━━ Dataset records ━━

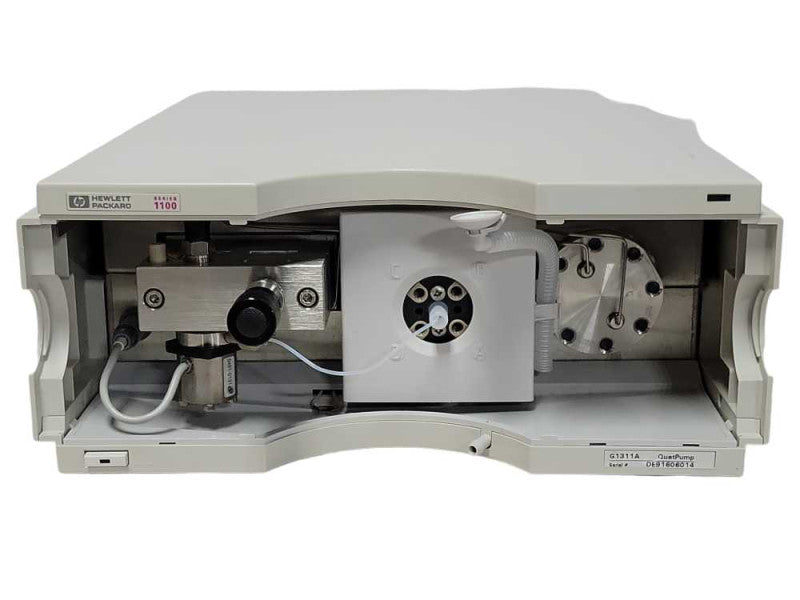 AGILENT 1100 SERIES G1311A PUMP system READ _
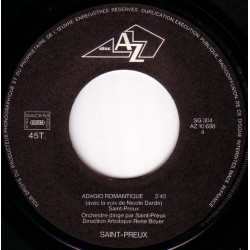 Adagio Romantique Pour Une Voix / Double Concerto Pour Voix Et Piano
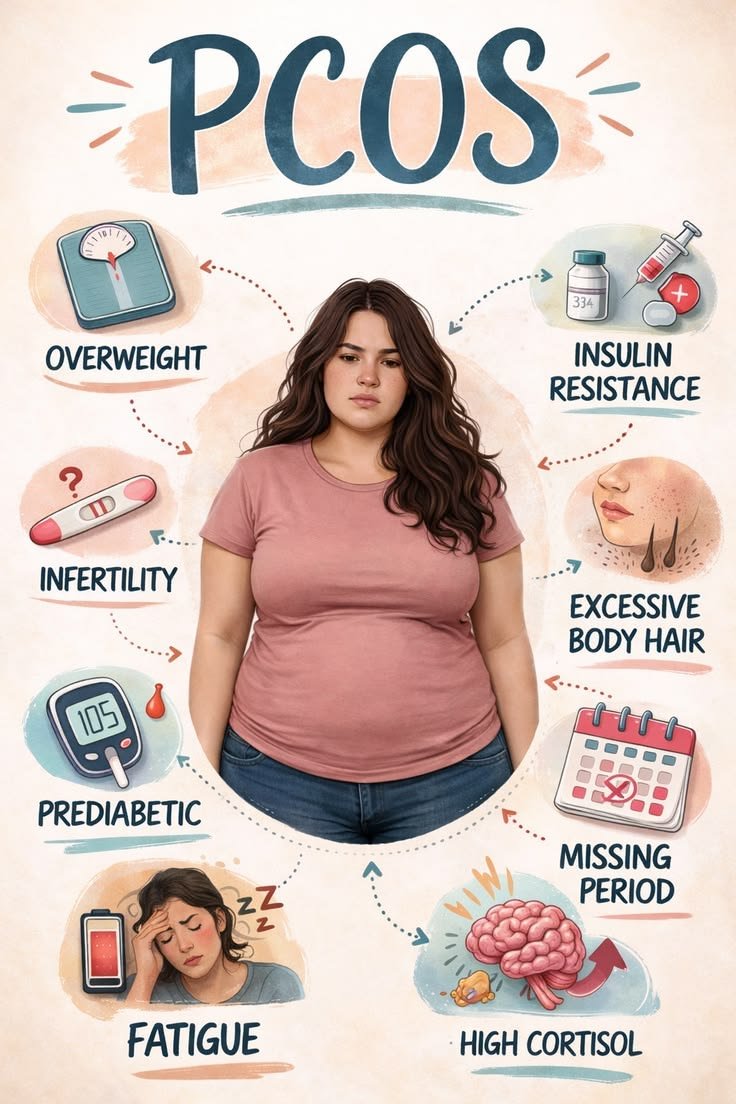 PCOS Treatment Ramanthapur Clinic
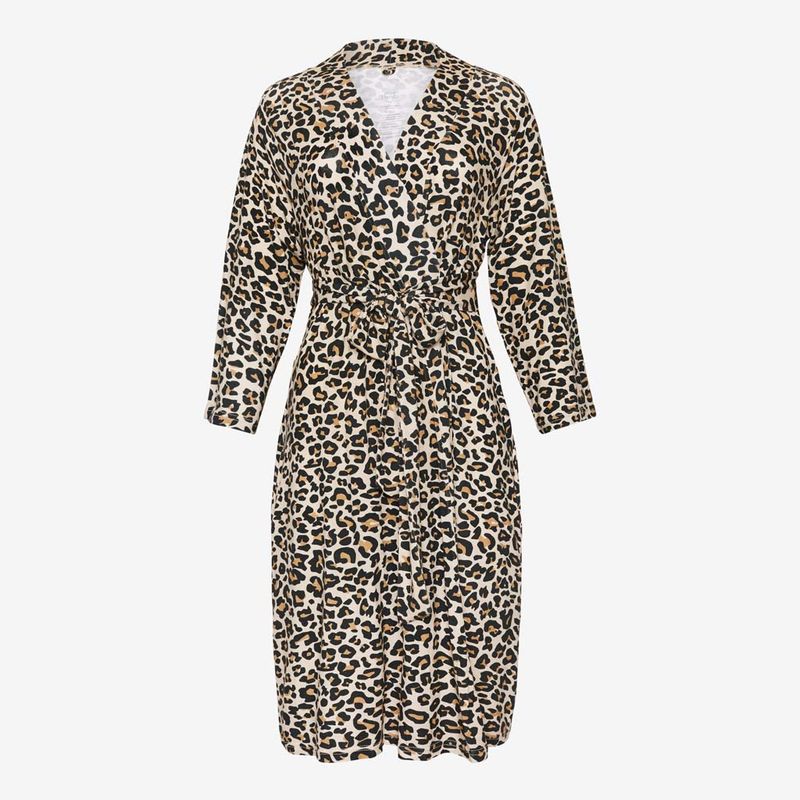 Lana Leopard Robe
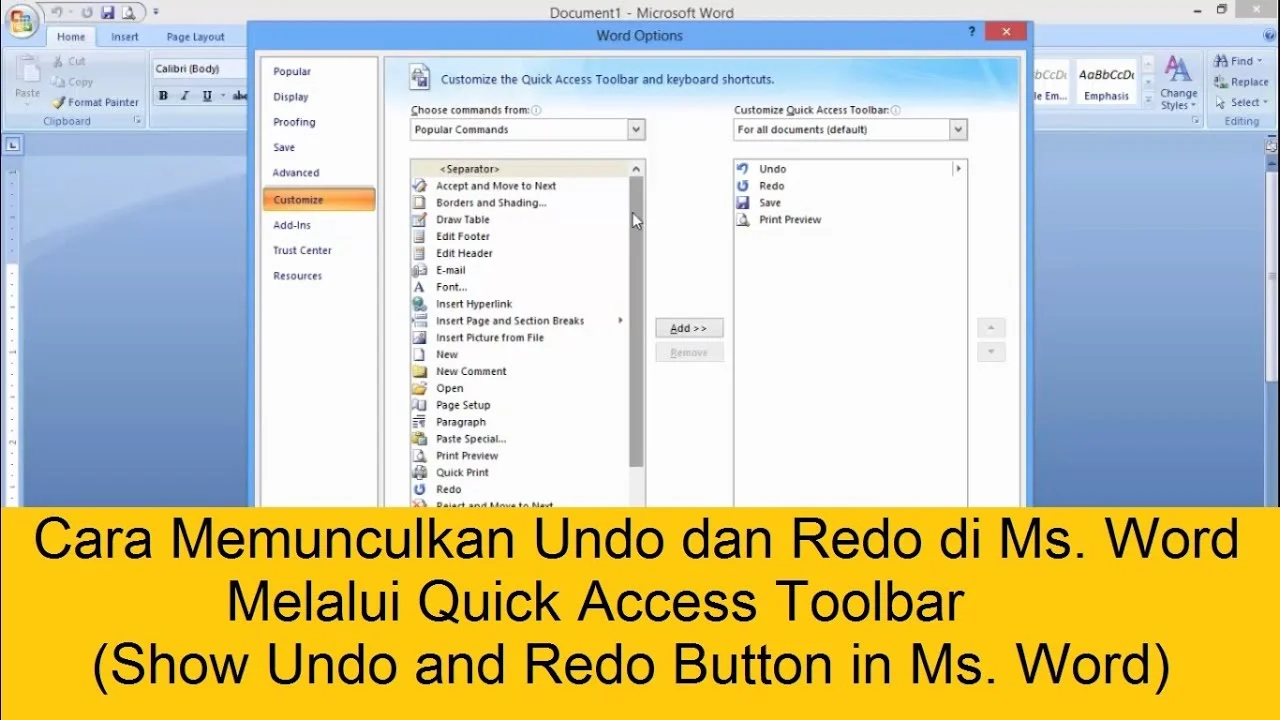 7 Cara Redo di Word yang Jarang Diketahui, Ternyata Semudah Ini di 2026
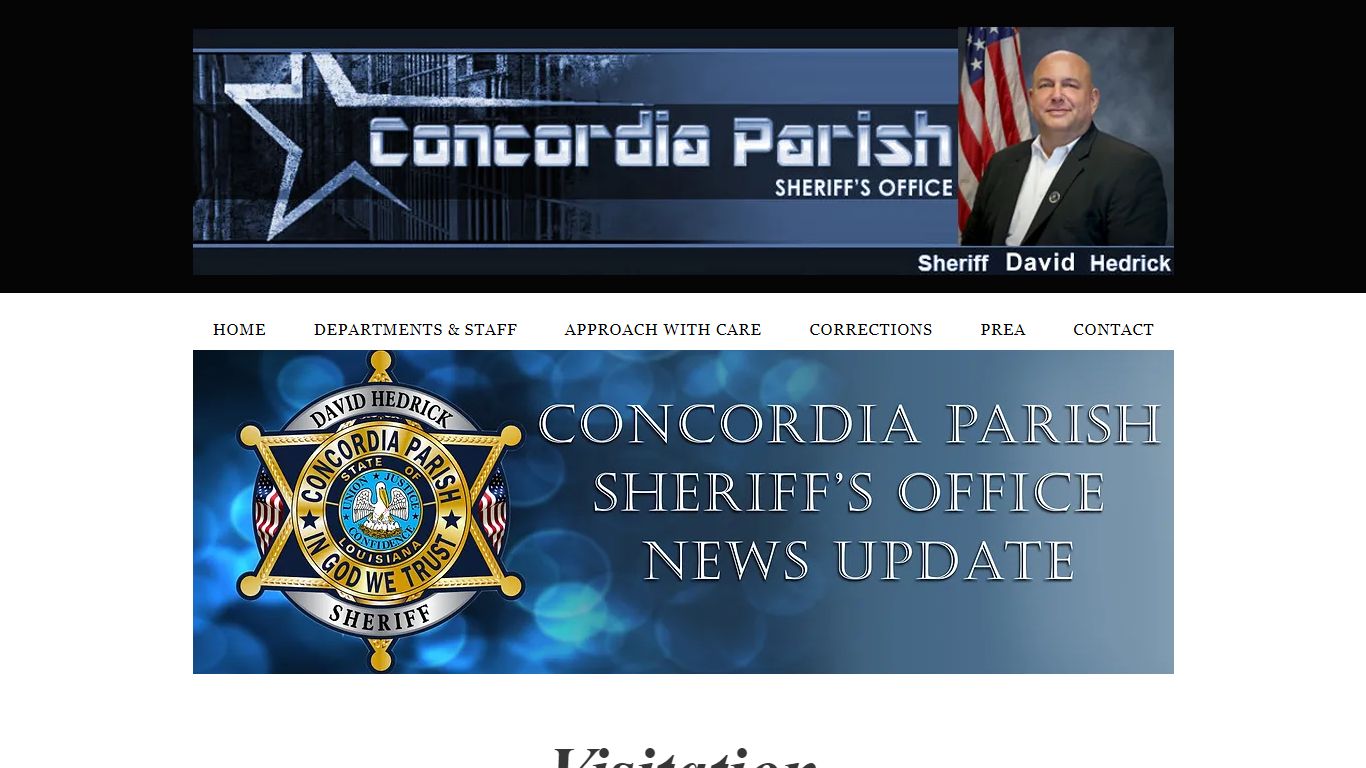 JAIL INFO | Concordia Sheriff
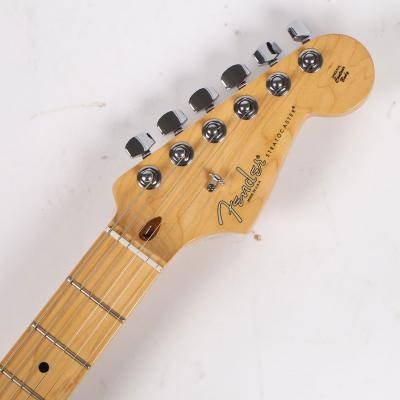 【中古】 エレキギター Fender American Standard Stratocaster Maple Fingerboard Black 2013年製 カスタムショップ製Fat50sピックアップ搭載 フェンダー アメリカンスタンダード ストラトキャスター アメスタ ヘッド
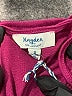 Hayden Burgundy 3/4 Sleeve Top Size S - photo 7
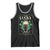 Funny St Patrick's Day Irish Beer Drinking Tank Top The Lucky Beer Club Horseshoe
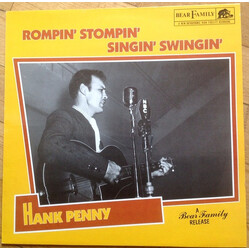 Hank Penny Rompin' Stompin' Singin' Swingin'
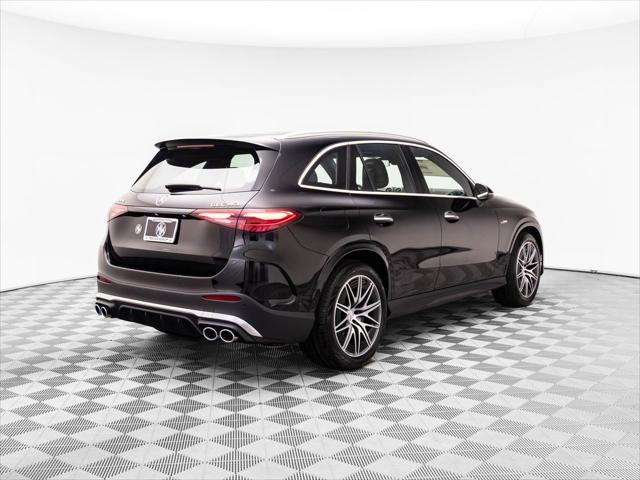 new 2025 Mercedes-Benz AMG GLC 43 car, priced at $68,410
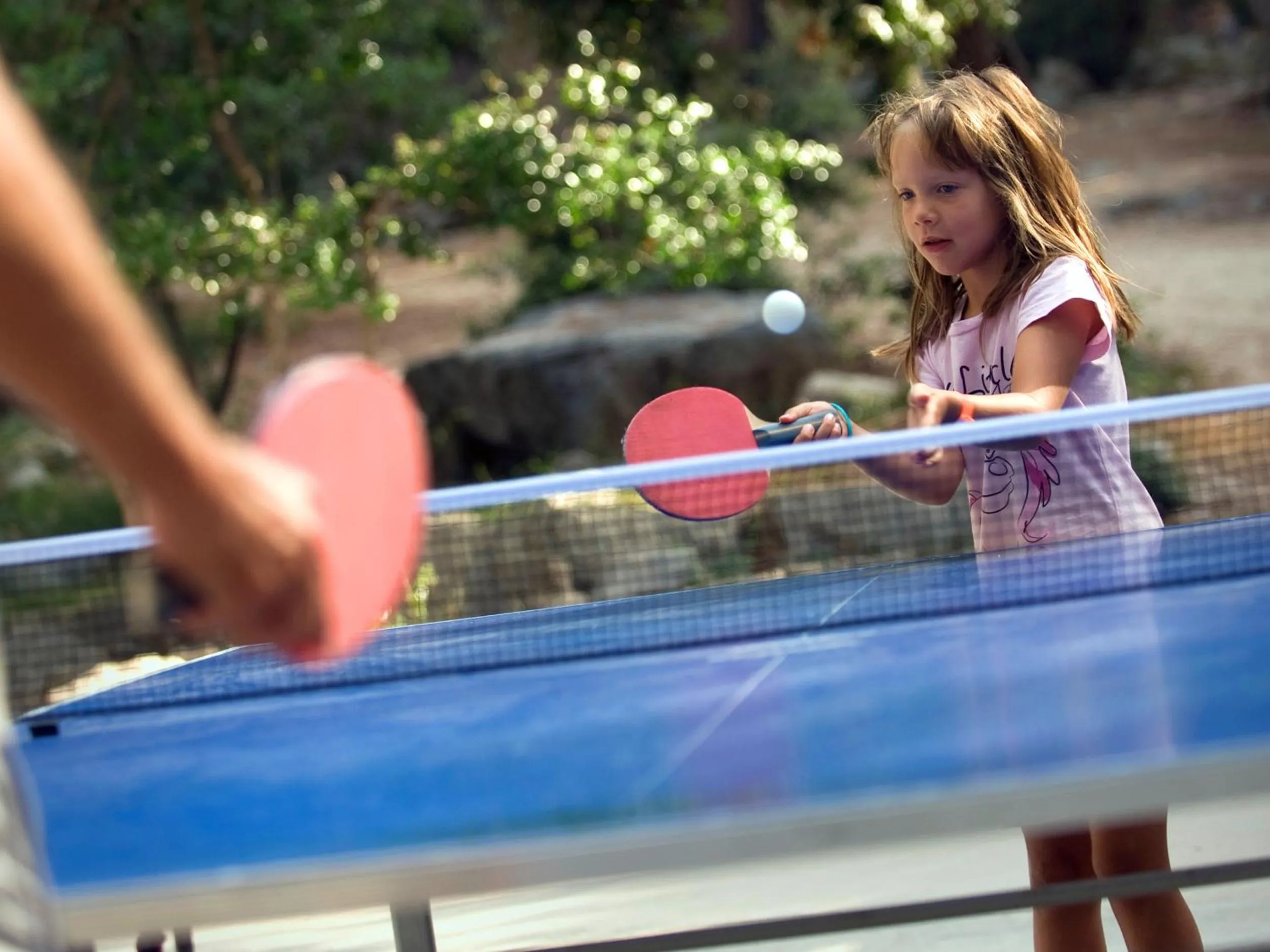 Table tennis in Pine Beach Pakostane - All Inclusive light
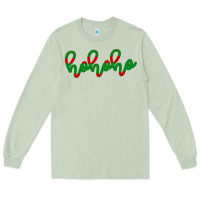 Matcha Christmas Ho Ho Ho Long Sleeve Tee - Bettercallsaul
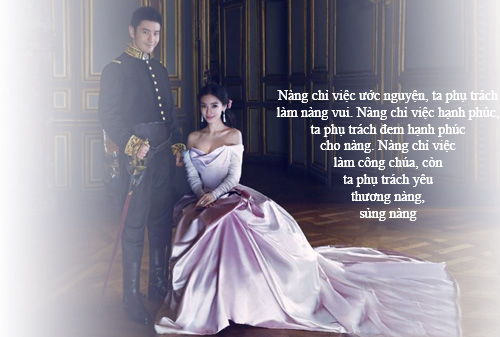 Những câu nói như truyện ngôn tình của Hiểu Minh dành cho vợ - 4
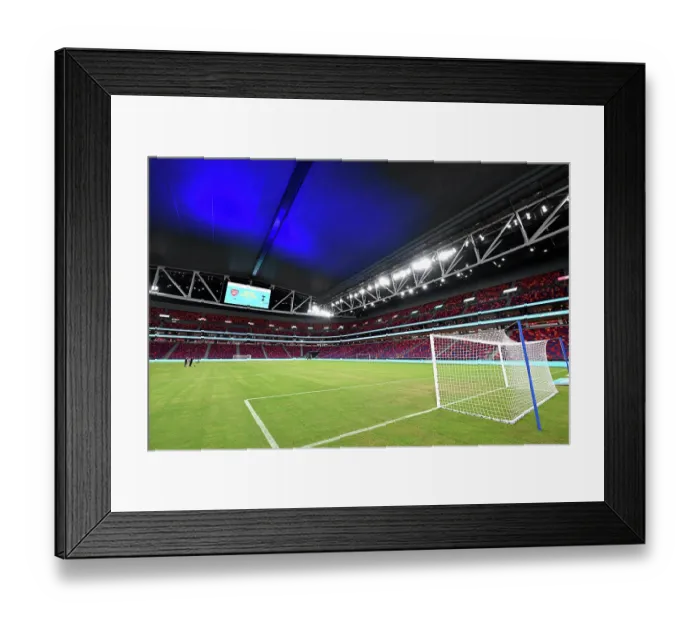 Framed Print : Arsenal v Tottenham Hotspur: Pre-Season Friendly
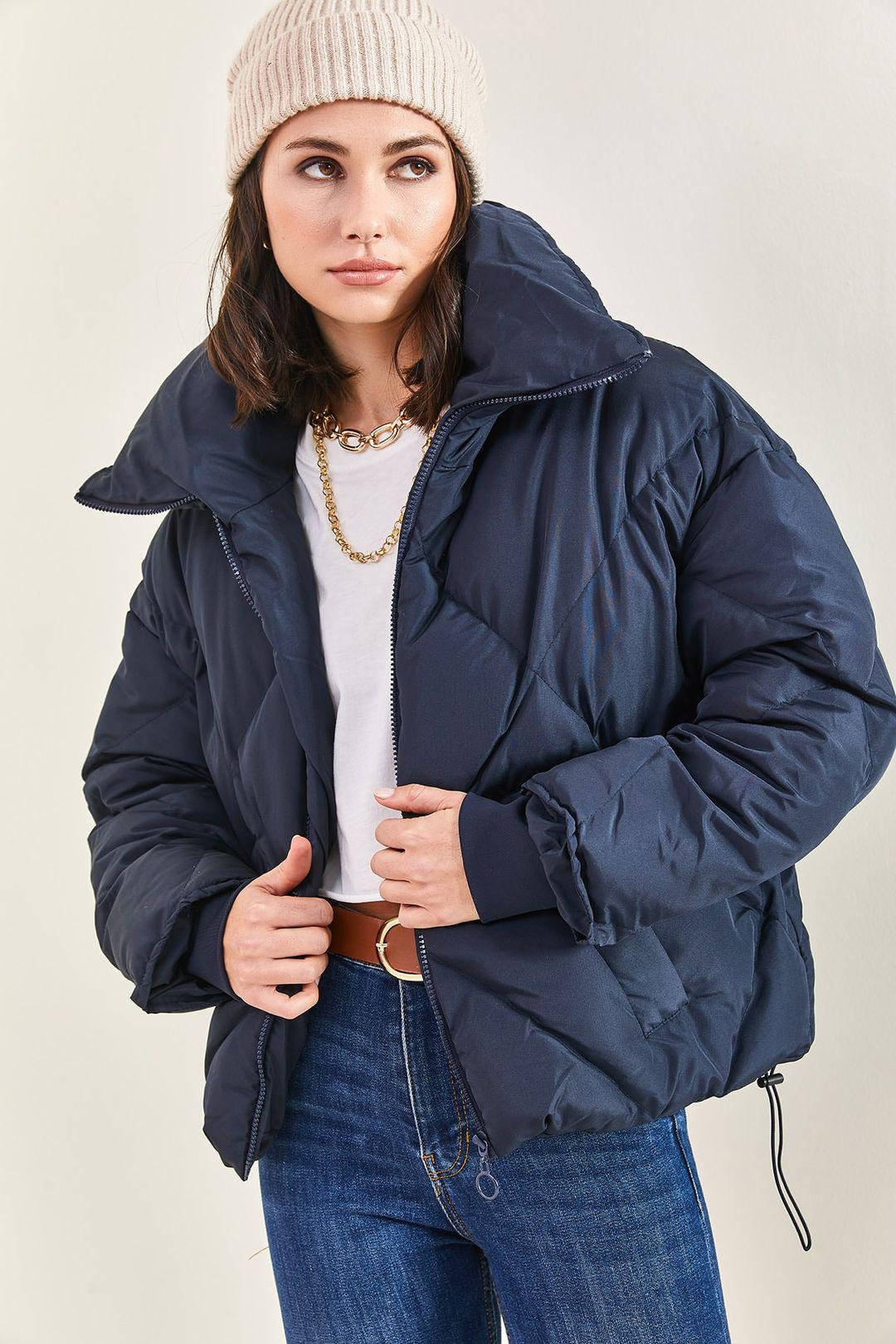 Oversized Puffer Jas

━━━

# Task:
All records above need to be returned exactly. Omit the pictures.

# Solution to this exercise:
 AGILENT 1100 SERIES G1311A PUMP system READ _
 Adagio Romantique Pour Une Voix / Double Concerto Pour Voix Et Piano
 PCOS Treatment Ramanthapur Clinic
 Lana Leopard Robe
 7 Cara Redo di Word yang Jarang Diketahui, Ternyata Semudah Ini di 2026
 JAIL INFO | Concordia Sheriff
 【中古】 エレキギター Fender American Standard Stratocaster Maple Fingerboard Black 2013年製 カスタムショップ製Fat50sピックアップ搭載 フェンダー アメリカンスタンダード ストラトキャスター アメスタ ヘッド
 Hayden Burgundy 3/4 Sleeve Top Size S - photo 7
 Funny St Patrick's Day Irish Beer Drinking Tank Top The Lucky Beer Club Horseshoe
 Hank Penny Rompin' Stompin' Singin' Swingin'
 new 2025 Mercedes-Benz AMG GLC 43 car, priced at $68,410
 Table tennis in Pine Beach Pakostane - All Inclusive light
 Matcha Christmas Ho Ho Ho Long Sleeve Tee - Bettercallsaul
 Những câu nói như truyện ngôn tình của Hiểu Minh dành cho vợ - 4
 Framed Print : Arsenal v Tottenham Hotspur: Pre-Season Friendly
 Oversized Puffer Jas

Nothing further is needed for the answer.